══ Exercise inputs ══

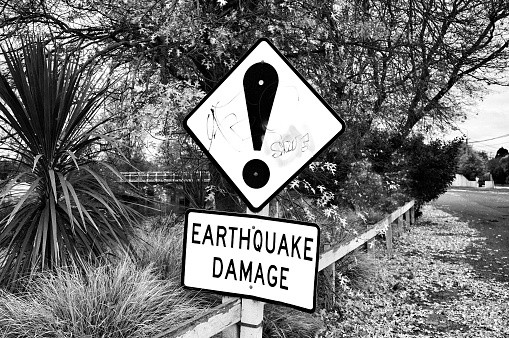 Earthquake damage sign 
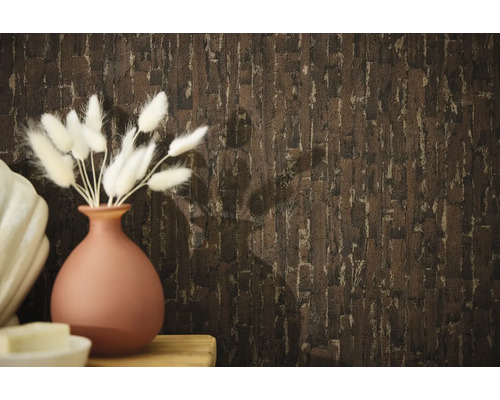 Decoratieve wandbekleding met een behang in steenlook en een vaas met siergras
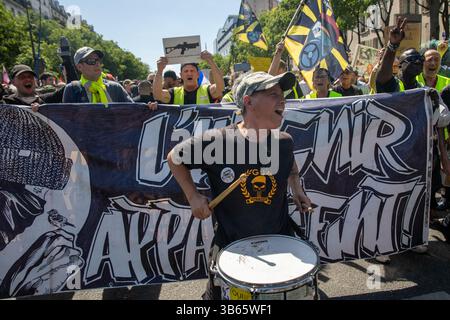 Tausende nehmen an dem jährlichen marsch zum Tag der Arbeit im Zentrum von Paris Teil. Quelle: James Willoughby/ALAMY Live News Stockfoto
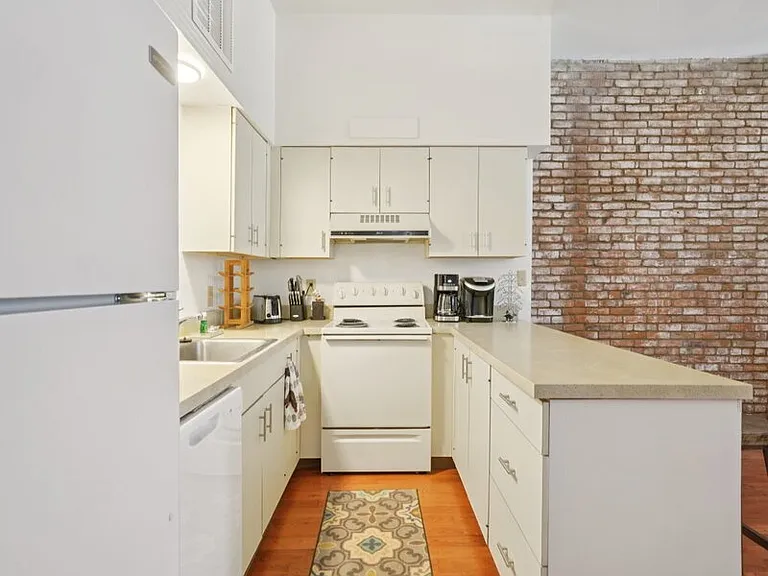 1014 Russell Blvd #B — Photo 15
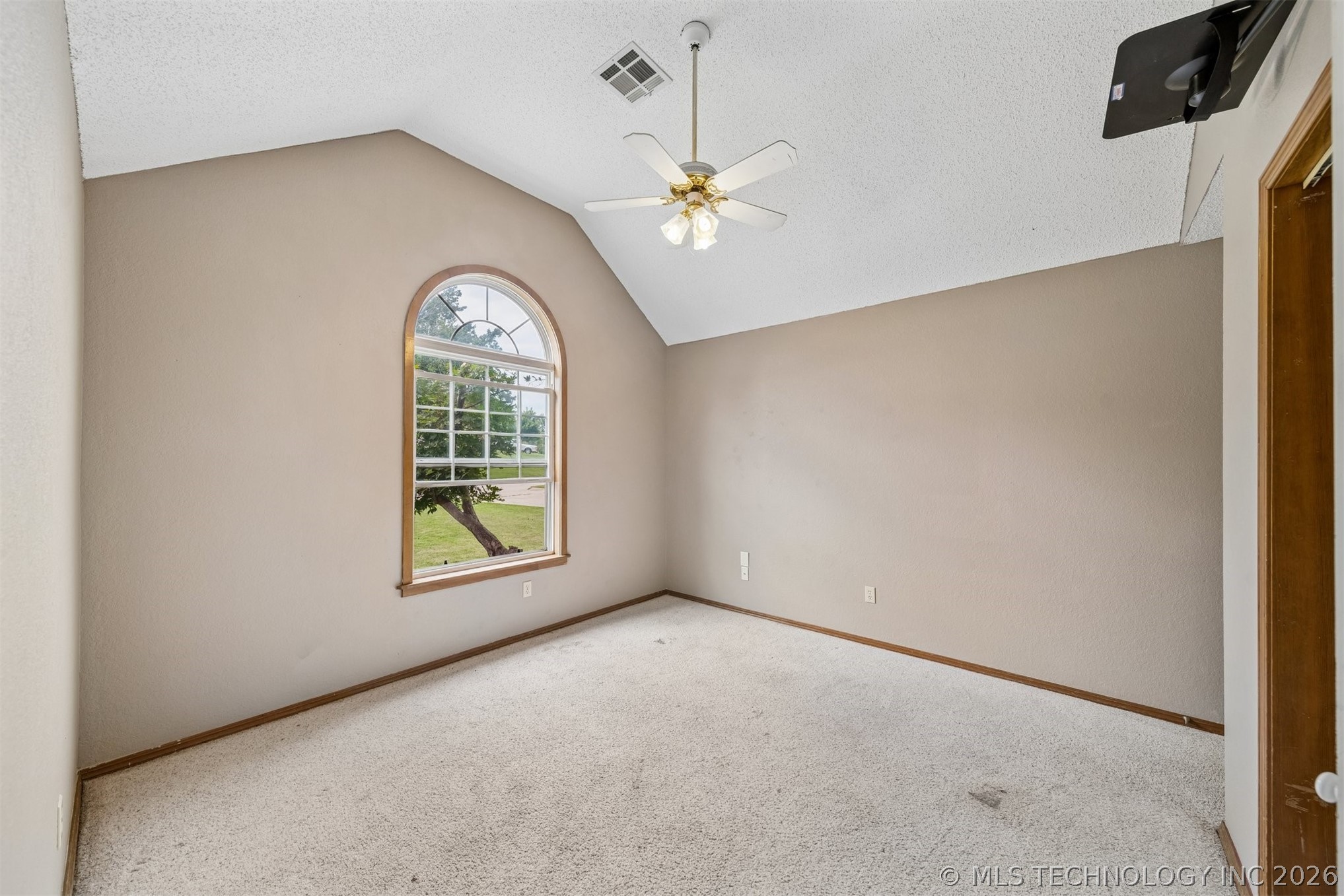 996 N Douglas Drive Property Photo 6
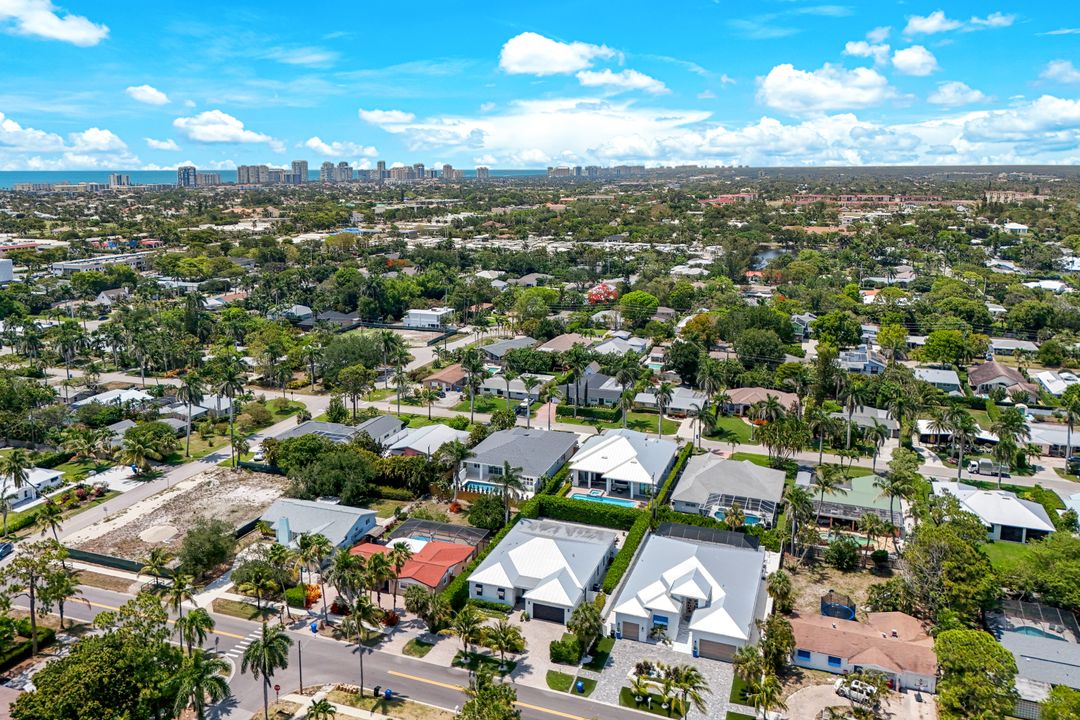 1167 22nd Ave N, Naples, FL 34103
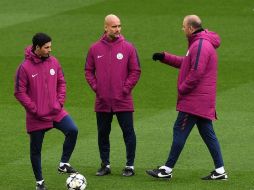 Versiones no confirmadas surgidas en Italia daban por hecho la llegada de Guardiola (C) al club de Turín. AFP/ARCHIVO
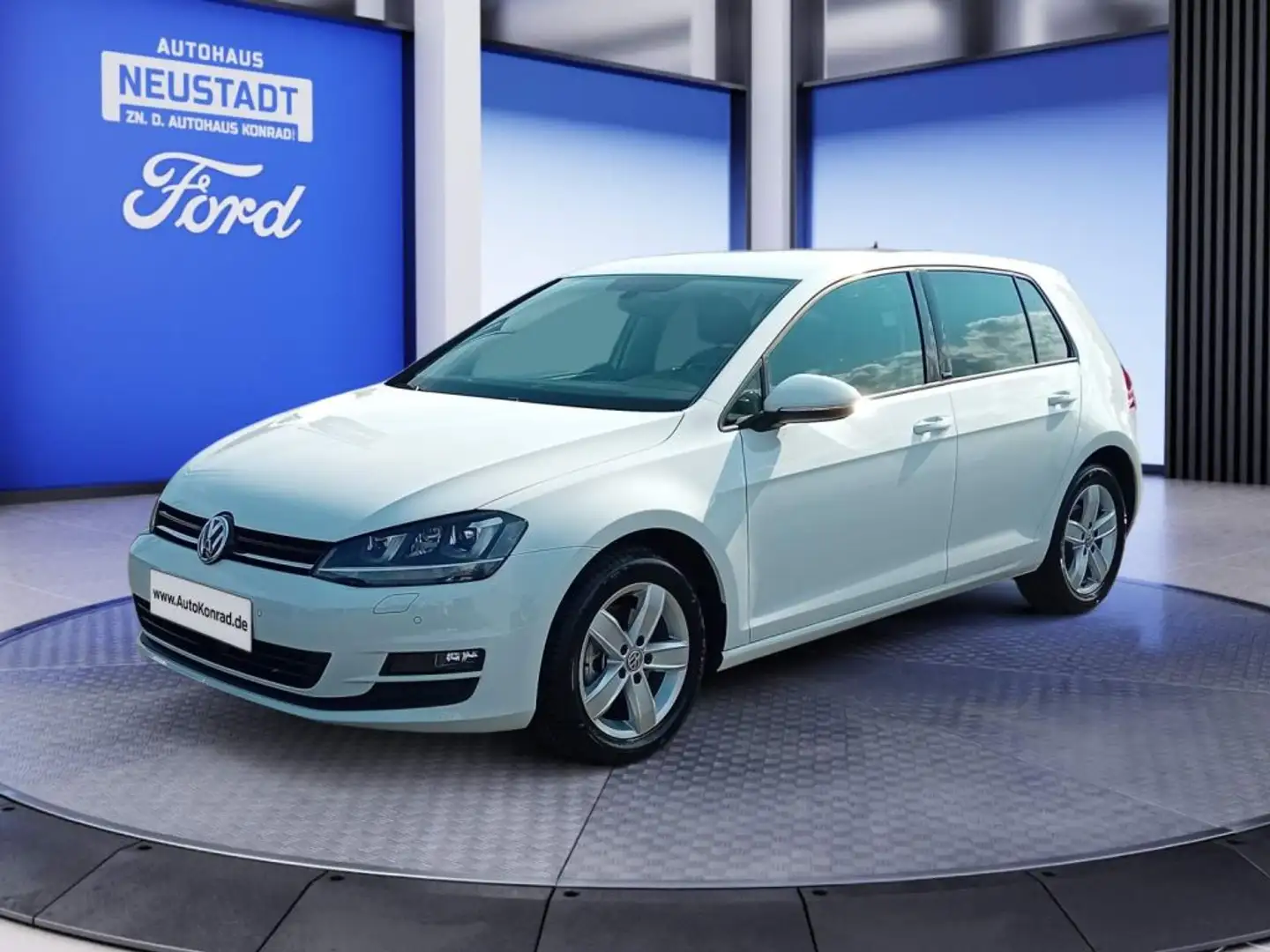 Volkswagen Golf 1.4 TSI Flexifuel E85 Match White - 1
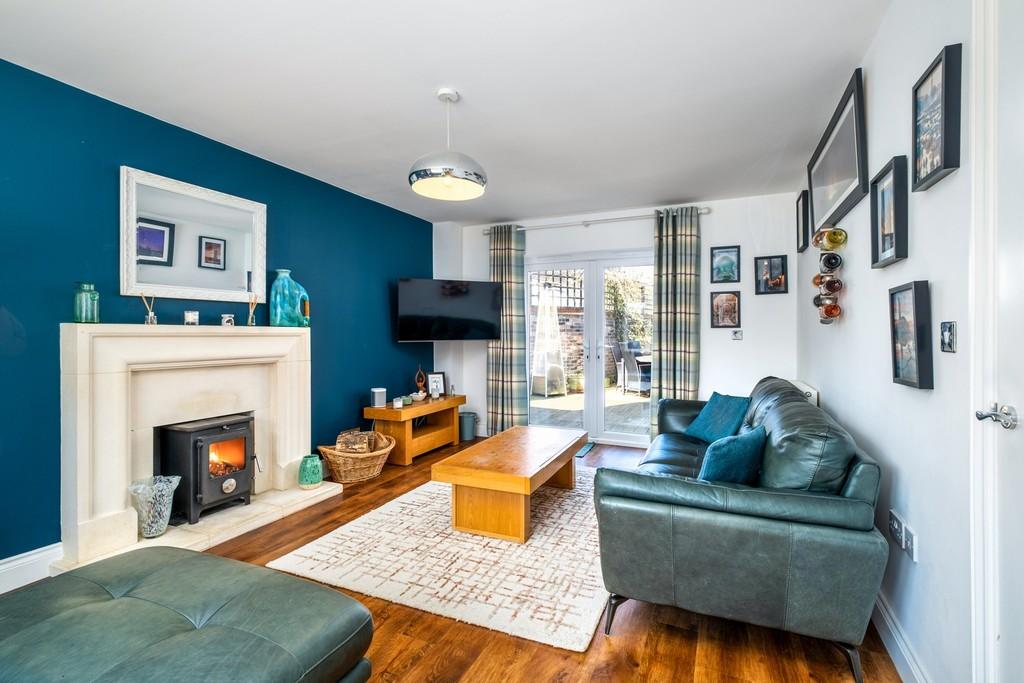 1440px-1 Shrubbery Close-12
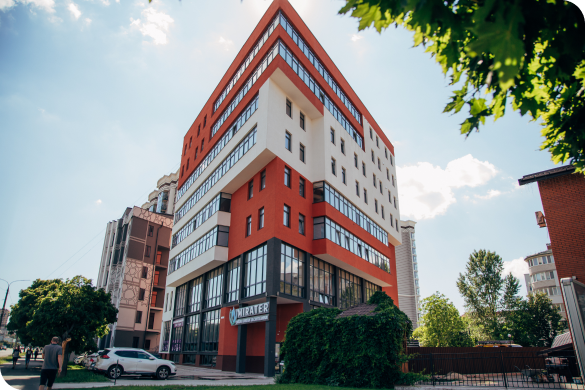 Фото будівлі офісу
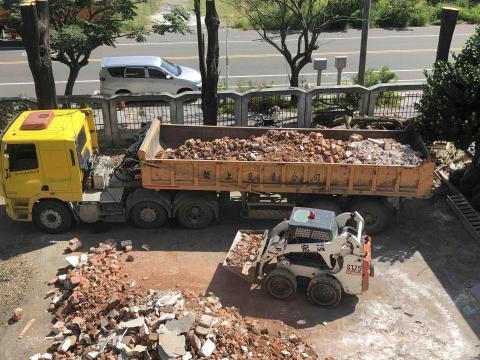 兆合發工程 - ?建築物拆除、廠房拆除、室內拆除?
✔️一般廢棄物✔️一般事業廢棄物
✔️營建混合廢棄物/剩餘土石方
#證明 #清運 #土石方運輸

FB專頁：兆合發工程
官方LINE : 兆合發工程

#兆合發科技有限公司
#拆除工程 #廢棄物清運 #室內拆除
#基礎開挖 #賸於土石方處理 #合法證明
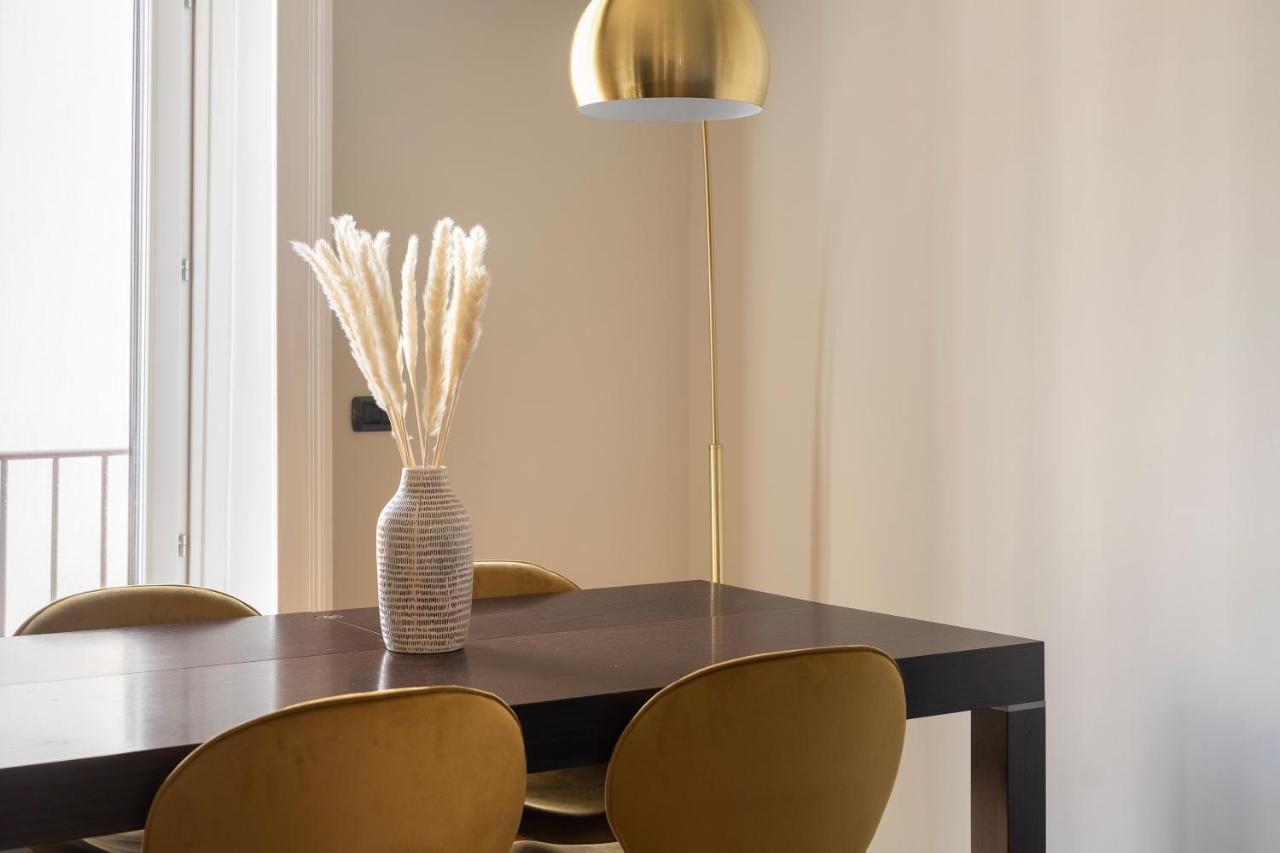 Santa Tecla Living Faravelli 4 Apartment Milano Ngoại thất bức ảnh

═══

▶ _Task directions_
Would you restate the listing word for word and leave every picture out?

▶ _Reply_
 Earthquake damage sign 
 Decoratieve wandbekleding met een behang in steenlook en een vaas met siergras
 Tausende nehmen an dem jährlichen marsch zum Tag der Arbeit im Zentrum von Paris Teil. Quelle: James Willoughby/ALAMY Live News Stockfoto
 1014 Russell Blvd #B — Photo 15
 996 N Douglas Drive Property Photo 6
 1167 22nd Ave N, Naples, FL 34103
 Versiones no confirmadas surgidas en Italia daban por hecho la llegada de Guardiola (C) al club de Turín. AFP/ARCHIVO
 Volkswagen Golf 1.4 TSI Flexifuel E85 Match White - 1
 1440px-1 Shrubbery Close-12
 Фото будівлі офісу
 兆合發工程 - ?建築物拆除、廠房拆除、室內拆除?
✔️一般廢棄物✔️一般事業廢棄物
✔️營建混合廢棄物/剩餘土石方
#證明 #清運 #土石方運輸

FB專頁：兆合發工程
官方LINE : 兆合發工程

#兆合發科技有限公司
#拆除工程 #廢棄物清運 #室內拆除
#基礎開挖 #賸於土石方處理 #合法證明
 Santa Tecla Living Faravelli 4 Apartment Milano Ngoại thất bức ảnh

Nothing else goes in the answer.